→ About this exercise: In the entries that follow, find the line containing "Richard E. Grant: The Patriarch" and the line containing "Gears war first", then retype exactly the lines from the first through the second, pictures excluded.
===== Provided information =====
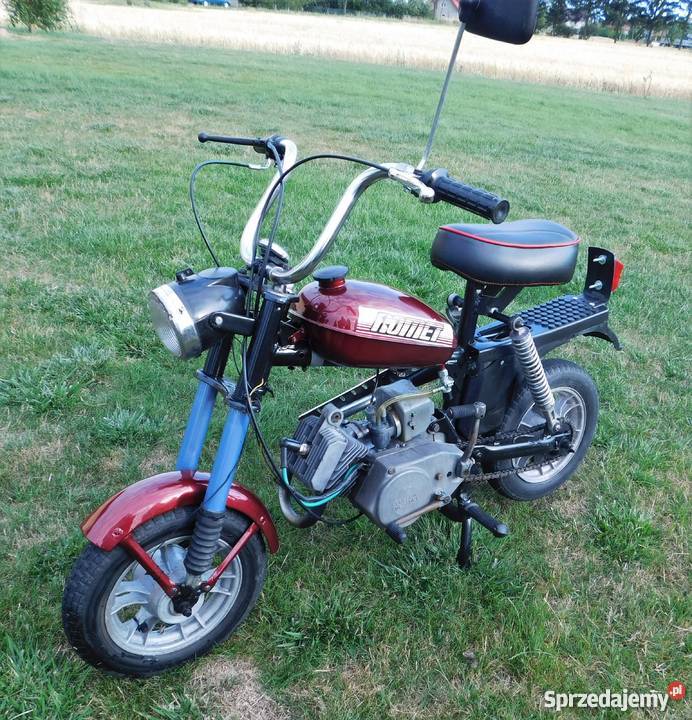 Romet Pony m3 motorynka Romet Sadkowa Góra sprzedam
=====
===== Provided information =====
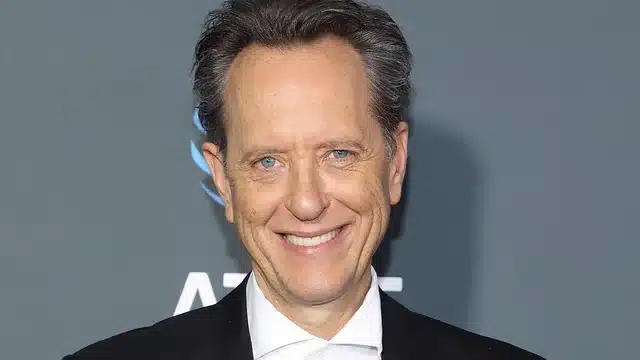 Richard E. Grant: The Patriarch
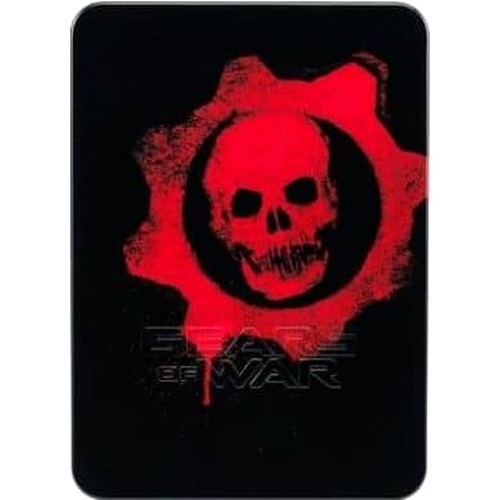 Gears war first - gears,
=====
→ Result of the task:
 Richard E. Grant: The Patriarch
 Gears war first - gears,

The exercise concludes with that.